It can be a risky business being a wedding photographer; from the shots you choose to take to the lengths you’ll go to get the perfect shot.
There are times when the choices you make will make you seem like a hero – who hasn’t seen the pictures of the snapper hanging out of the car to get the moving shot on Facebook and the like? – but there are other moments of pure concentration that can make you seem more than a little goofy.
But then, what is it that they say about all publicity being good publicity? Take the photographer in Illinois, USA, who has just made the international press for falling into a lake.
Goofy is good
You may laugh at the story when you read it at http://www.dailymail.co.uk/news/article-3164105/The-wedding-swimmer-Photographer-steps-backwards-falls-LAKE-taking-pictures-newlyweds-walking-her.html. You may think, what a dufus!

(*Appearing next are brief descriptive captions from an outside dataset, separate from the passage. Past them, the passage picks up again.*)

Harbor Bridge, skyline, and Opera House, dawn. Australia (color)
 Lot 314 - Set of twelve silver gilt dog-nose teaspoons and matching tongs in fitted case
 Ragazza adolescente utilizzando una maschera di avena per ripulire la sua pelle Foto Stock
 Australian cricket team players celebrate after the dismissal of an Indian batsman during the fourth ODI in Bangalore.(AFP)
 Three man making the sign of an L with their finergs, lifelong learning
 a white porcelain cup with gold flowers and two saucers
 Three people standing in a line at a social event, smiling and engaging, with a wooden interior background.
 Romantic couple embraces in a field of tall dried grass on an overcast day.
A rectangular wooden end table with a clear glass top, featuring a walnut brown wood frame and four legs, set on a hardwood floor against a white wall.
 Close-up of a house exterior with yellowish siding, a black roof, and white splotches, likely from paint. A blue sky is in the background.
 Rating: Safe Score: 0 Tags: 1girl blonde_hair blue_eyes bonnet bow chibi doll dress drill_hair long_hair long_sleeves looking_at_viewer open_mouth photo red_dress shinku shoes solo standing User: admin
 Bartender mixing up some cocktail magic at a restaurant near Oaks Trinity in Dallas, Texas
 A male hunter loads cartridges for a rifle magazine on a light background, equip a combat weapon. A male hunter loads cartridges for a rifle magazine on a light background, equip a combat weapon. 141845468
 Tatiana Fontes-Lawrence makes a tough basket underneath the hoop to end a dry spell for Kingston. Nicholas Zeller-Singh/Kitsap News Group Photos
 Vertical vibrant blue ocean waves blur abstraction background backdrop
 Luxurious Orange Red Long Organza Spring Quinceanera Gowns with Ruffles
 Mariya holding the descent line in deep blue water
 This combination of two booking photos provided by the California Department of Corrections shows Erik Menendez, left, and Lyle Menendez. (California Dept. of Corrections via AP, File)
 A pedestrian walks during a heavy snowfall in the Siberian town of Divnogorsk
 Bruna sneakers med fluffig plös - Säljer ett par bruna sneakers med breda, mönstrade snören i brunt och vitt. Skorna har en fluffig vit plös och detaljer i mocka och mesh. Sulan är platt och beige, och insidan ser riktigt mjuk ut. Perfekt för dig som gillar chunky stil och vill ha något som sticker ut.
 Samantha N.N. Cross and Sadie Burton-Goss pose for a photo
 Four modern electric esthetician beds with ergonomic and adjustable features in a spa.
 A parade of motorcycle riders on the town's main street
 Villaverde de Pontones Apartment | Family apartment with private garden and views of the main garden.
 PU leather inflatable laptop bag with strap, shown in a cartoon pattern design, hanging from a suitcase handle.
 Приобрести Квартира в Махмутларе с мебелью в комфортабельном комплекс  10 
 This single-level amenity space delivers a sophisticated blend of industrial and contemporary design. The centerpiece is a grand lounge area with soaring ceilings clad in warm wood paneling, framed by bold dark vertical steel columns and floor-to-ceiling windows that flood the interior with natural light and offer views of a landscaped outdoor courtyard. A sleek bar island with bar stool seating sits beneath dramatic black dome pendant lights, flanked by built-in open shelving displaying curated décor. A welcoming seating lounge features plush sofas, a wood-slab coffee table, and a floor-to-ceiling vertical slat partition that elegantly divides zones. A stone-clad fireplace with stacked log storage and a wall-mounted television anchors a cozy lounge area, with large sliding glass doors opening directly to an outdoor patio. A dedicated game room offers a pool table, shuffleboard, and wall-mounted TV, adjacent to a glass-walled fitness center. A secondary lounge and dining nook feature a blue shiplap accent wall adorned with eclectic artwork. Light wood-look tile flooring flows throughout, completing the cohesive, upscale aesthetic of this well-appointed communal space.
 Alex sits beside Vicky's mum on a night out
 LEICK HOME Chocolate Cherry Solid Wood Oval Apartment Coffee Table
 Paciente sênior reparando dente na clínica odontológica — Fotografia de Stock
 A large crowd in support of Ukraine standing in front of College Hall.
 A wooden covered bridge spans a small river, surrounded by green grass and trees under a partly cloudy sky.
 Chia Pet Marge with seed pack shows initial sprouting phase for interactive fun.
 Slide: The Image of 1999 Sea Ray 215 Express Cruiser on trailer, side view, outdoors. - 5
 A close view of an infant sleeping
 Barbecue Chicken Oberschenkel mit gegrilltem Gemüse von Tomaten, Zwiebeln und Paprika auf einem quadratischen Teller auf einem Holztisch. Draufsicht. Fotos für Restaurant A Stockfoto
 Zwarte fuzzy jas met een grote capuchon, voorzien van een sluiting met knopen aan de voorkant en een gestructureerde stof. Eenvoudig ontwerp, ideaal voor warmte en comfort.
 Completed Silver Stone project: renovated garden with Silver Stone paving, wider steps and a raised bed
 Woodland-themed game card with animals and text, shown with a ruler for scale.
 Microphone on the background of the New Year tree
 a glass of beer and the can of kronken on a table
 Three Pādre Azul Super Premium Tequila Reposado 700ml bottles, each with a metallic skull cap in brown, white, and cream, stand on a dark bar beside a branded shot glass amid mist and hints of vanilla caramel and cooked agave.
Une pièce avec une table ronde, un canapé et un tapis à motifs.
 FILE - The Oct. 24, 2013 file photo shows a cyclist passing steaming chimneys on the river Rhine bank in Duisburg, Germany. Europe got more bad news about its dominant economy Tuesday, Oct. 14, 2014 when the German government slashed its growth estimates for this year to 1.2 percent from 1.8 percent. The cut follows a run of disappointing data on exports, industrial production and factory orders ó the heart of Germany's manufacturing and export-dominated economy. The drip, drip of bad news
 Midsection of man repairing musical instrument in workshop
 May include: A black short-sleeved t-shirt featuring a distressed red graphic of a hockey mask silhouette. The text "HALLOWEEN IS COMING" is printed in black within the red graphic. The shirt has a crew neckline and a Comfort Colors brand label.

But, at the end of the day, what couple wouldn’t want a wedding photographer in Illinois or a wedding photographer in Hampshire – or anywhere else in the world – so committed to getting the shots that they stop caring about where they are?
Sometimes, it takes more bravery to be the photographer than it takes to say ‘I do’.
Even if you’re not going head-to-head with a safari’s must-see, wedding photography can still take the nerve of a lion if you want to get the most-remembered shots. A semi-‘intrusive’ shot of the ‘happy couple’ rowing on the morning of the wedding can be taken either way, whilst a snap of a breastfeeding bride-to-be could be a recipe for trouble.
Or it can be a complete recipe for success. Your shot might not just make it into pride of place on the living room wall – or even into the international press as was the case with Lindsay Palmer’s shots of bride Jamie Riddell and her bridesmaids feeding their babies. Read more about it at http://www.dailymail.co.uk/femail/article-3172582/Wedding-photographer-captures-bride-bridesmaids-breastfeeding-babies-ceremony-touching-portrait-celebrates-motherhood-milestone.html.
The motto of the story is that risks can pay, although not necessarily the sort that will offer little more than a chauffeured trip from the local ambulance service.